From wearing t-shirts with dragons on them to using Buddha as home decor. There has always been a fine line between cultural appropriation and appreciation.
Let’s take a deeper look into the architectural design aesthetic called chinoiserie.
Chinoiserie is an interior design style that was created by the western fetishization for Asian motifs and techniques. This European decorative style imitates the art and design of China, Japan and other Asian countries.
This western appropriation of Asian motifs for interior design dates back to the 17th- and 18th-century. Chinoiserie pieces use Chinese motifs as well as decorative flairs seen in more traditional European art.
From an admiration standpoint chinoiserie is often seen as beautiful. But the production of this beauty reflects the appropriated labor and culture that produced it.
The western interest to exoticize Asian women and culture have been expressed through Orientalist tropes and architecture.These western interpretations were based on Chinese exports designed to cater the western audiences.
The idea of chinoiserie is often perceived as a harmless design used to apply a generic "Asian" aesthetic.
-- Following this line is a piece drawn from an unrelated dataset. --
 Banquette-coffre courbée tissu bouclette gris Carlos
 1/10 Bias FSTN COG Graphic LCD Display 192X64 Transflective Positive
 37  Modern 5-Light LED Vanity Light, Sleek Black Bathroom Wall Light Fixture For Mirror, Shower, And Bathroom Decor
But its interpretation is a destructive and troubling way of looking at Asian culture.
For example, a 1755 porcelain work called the Chinese Musicians displays disturbing slanted eyed Chinese figures.
In the world of decor, it is hard to escape chinoiserie. From wallcoverings with colorful patterns embellished with landscapes, flowers, birds and butterflies.
It is easy to dismiss the origins of chinoiserie. But cultural appropriation still remains an issue. As a result, chinoiserie reduces and flattens out culture for the satisfaction of aesthetics.
It is our duty as consumers to steer the conversation around cultural appropriation. By questioning the design of clothing to a room or even a piece of furniture is a perfect vehicle for change.